*Task requirements:* From the records below, output exactly the lines starting at the line with "Karşı Yapılan Bu" and ending at the line with "Esinti Hotel", both of them included, but no pictures.

(Scraped caption text data)
▶
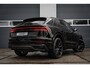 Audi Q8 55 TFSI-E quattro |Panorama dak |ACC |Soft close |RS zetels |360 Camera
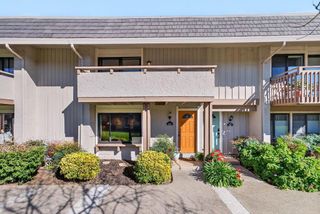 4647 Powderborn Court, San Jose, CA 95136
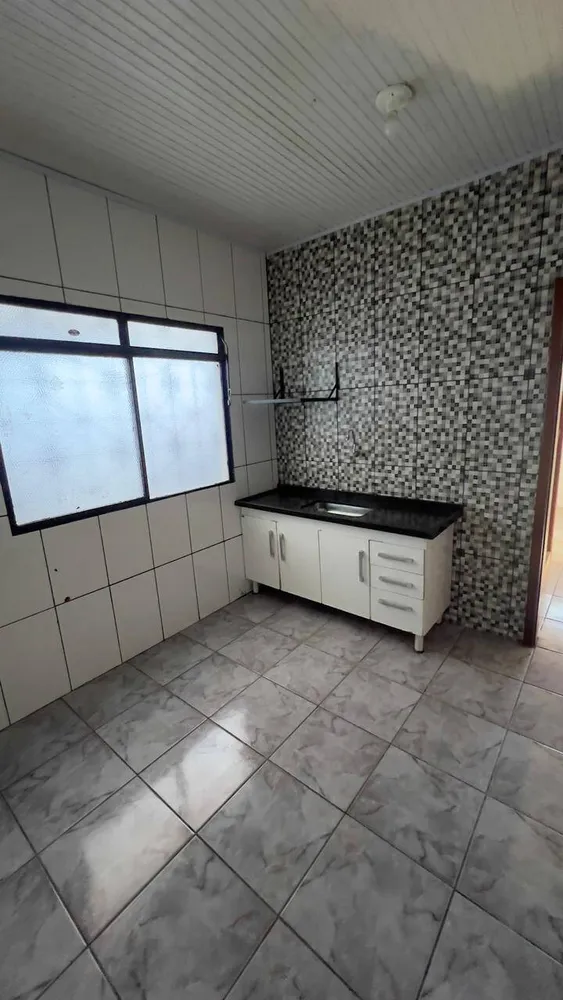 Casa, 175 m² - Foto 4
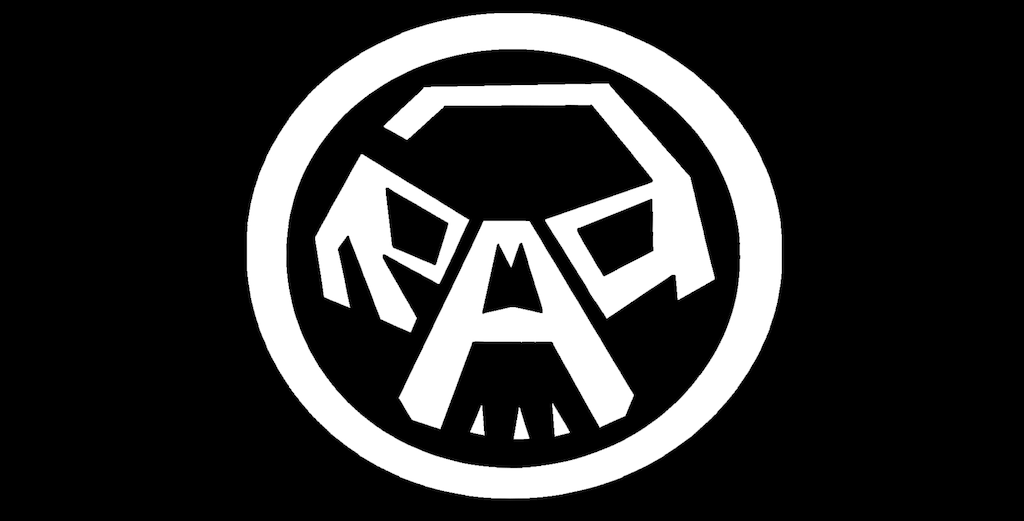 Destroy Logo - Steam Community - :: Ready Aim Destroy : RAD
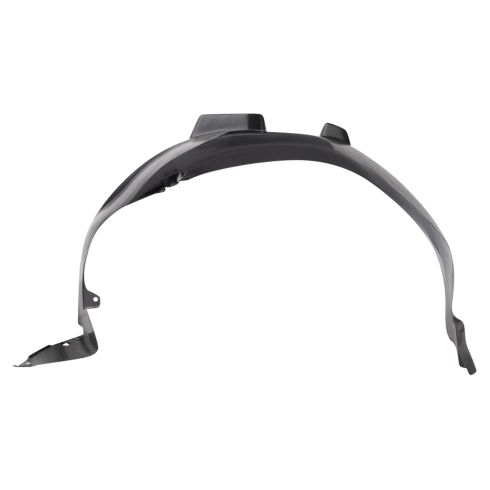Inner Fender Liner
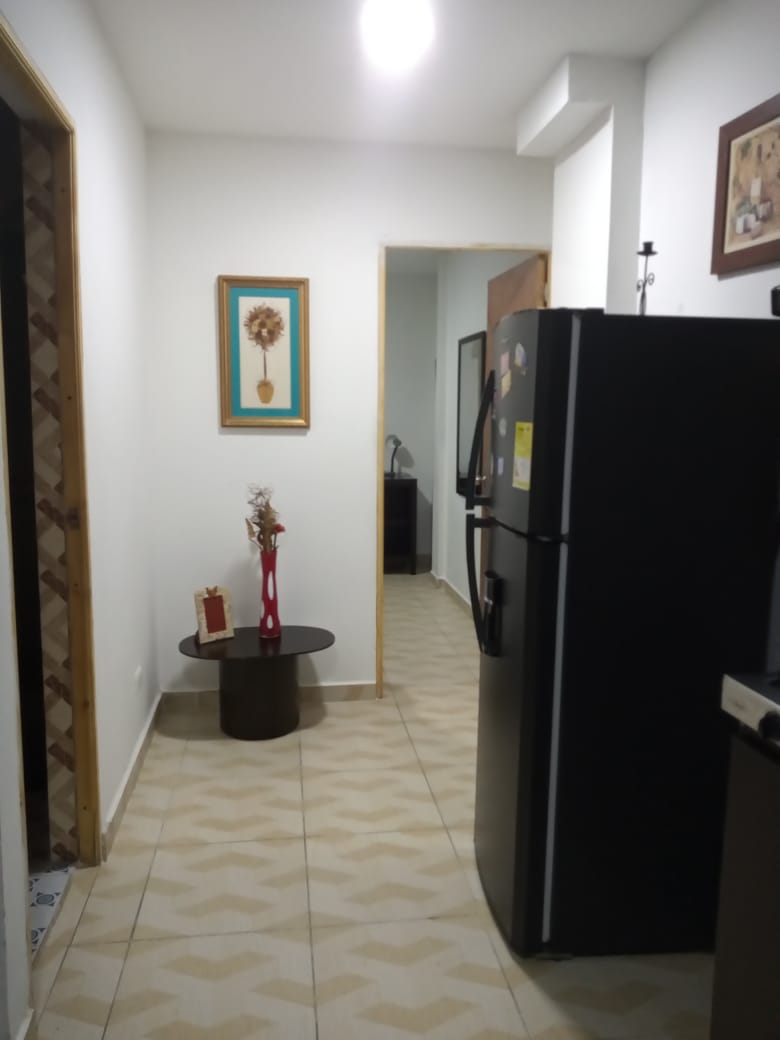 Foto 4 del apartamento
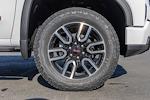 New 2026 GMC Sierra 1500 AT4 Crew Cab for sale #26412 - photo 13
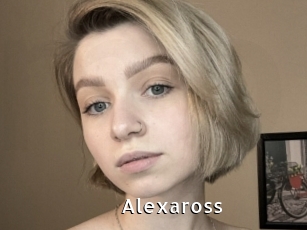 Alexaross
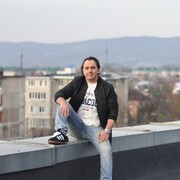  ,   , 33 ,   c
◀
▶
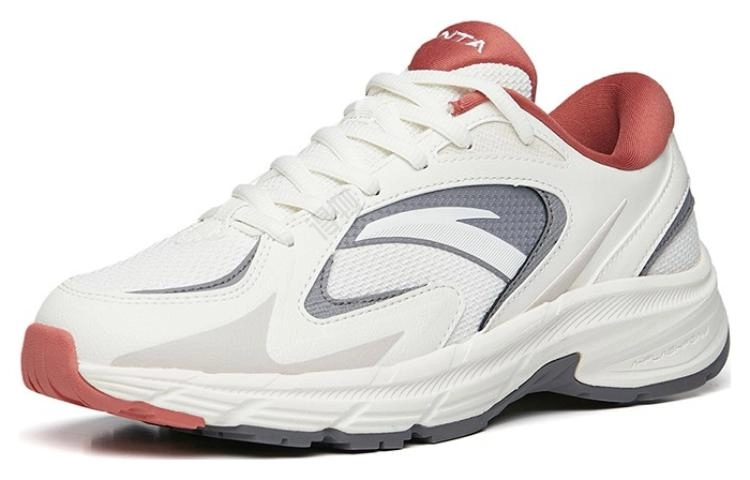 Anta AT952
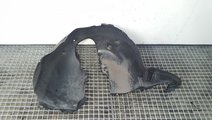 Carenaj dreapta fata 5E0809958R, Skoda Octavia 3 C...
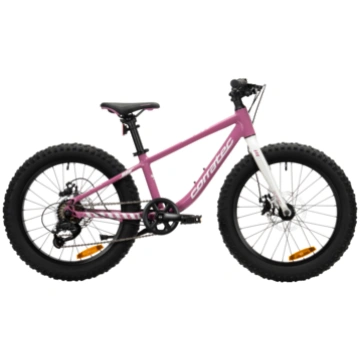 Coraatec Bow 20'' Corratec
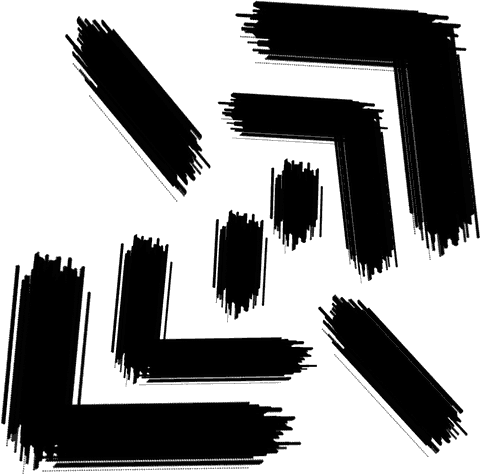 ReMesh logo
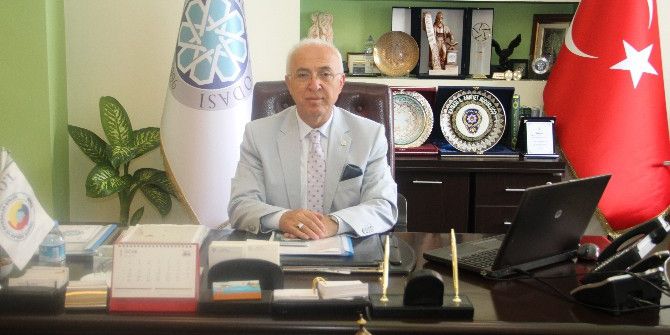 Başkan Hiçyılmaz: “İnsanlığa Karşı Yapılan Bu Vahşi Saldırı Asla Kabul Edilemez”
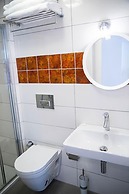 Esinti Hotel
◀
*Answer box:*
 Başkan Hiçyılmaz: “İnsanlığa Karşı Yapılan Bu Vahşi Saldırı Asla Kabul Edilemez”
 Esinti Hotel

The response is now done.